Source: Local Library
As I said in my starting line post, I've really been wanting to re-read this book ever since I finished the second in the series. The first time around was back before publication, and I was tearing through it, trying to get a handle on the political machinations and wanting to get to the good stuff between Duval and Ismae. This time around, because I was listening instead of reading, I got to slow down and I saw just how well-drawn the characters were, and how the good stuff was there between Duval and Ismae from the start.
I found it fascinating to see Ismae again.

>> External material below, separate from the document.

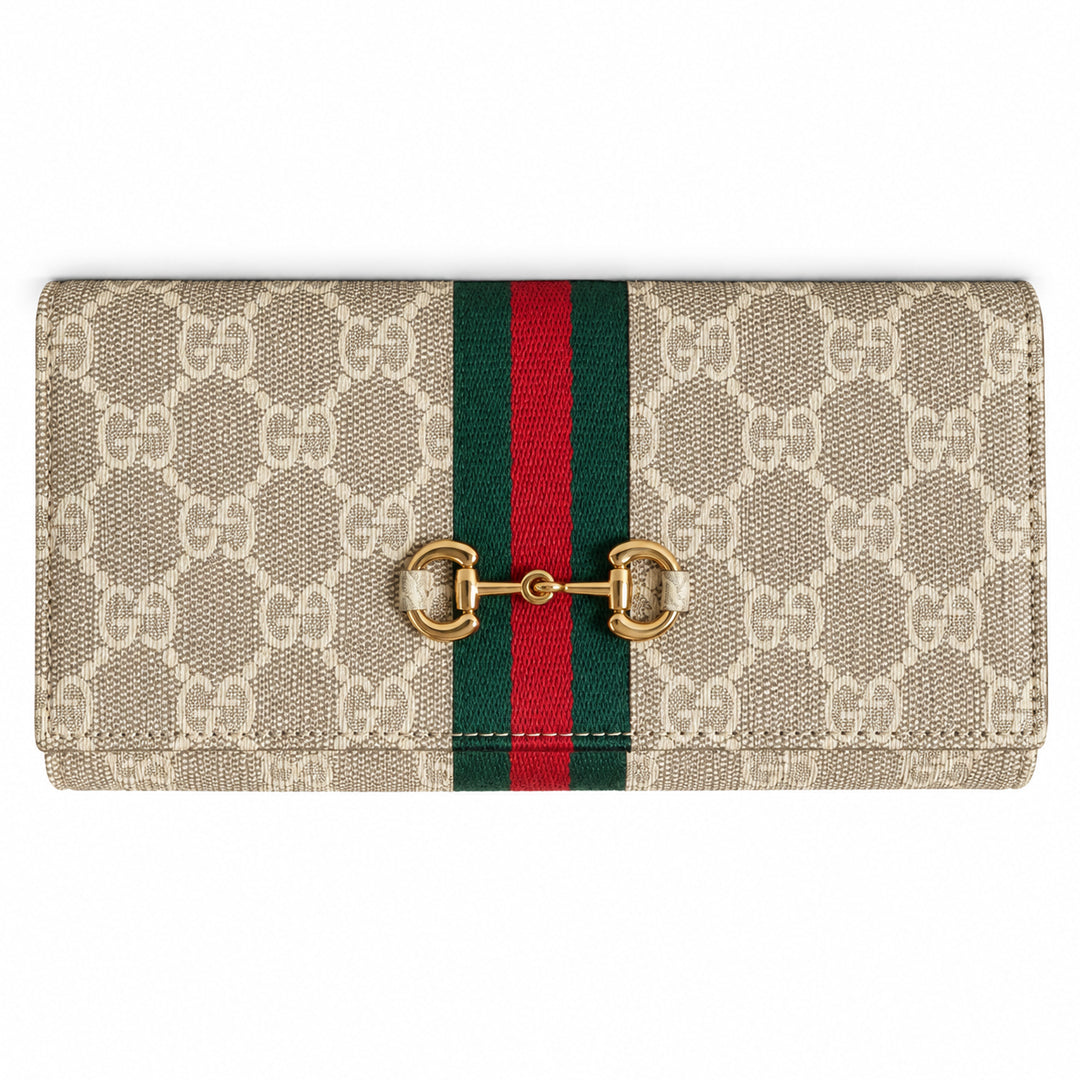 GG Horsebit Web Long Flap Wallet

At the very, very beginning, raised with a brutish father and married off to a pig farmer at the age of fourteen, she has nothing and nobody. So her fierce loyalty to the convent and her pride in her own deadly skills are understandable. After all, before she acquired them, what was she?
Speaking of that, her attitude toward death is downright unsettling. I've been using the "assassin nun" as a booktalk hook basically since I read this the first time. But now as I listen, I realize that Beginning-of-the-Book Ismae views murder solely as an exercise of power. She is very casual, almost flippant, in considering murder because someone is being inconvenient. Her first kills are greeted with glee and a sense of accomplishment. Look! I won! Knowing how her views change at the end of the book makes this a more impressive starting place for her.
I've also been considering why I was so thrilled at the love story in this book. Besides my general bias toward romance, I think the answer lies in how Duval sees Ismae as compared to how others do. As a child, Ismae was an annoyance, an unwanted mouth to feed. In the convent, she is being honed as a weapon, like a beautiful knife. Neither setting permits her to be a full person. While in the beginning, he often gets exasperated with her impulsiveness and her black-and-white outlook, I never got the feeling that Duval viewed Ismae as anything less than a person, with strengths and vulnerabilities. Yes, she is an extraordinary killer, but she's also a loyal Breton and an intelligent woman, and the fact that Duval sees all these things in her is what made this romance really swoonworthy for me. You can have your star-destined love and your sparkly vampires, girls, I'll take this one.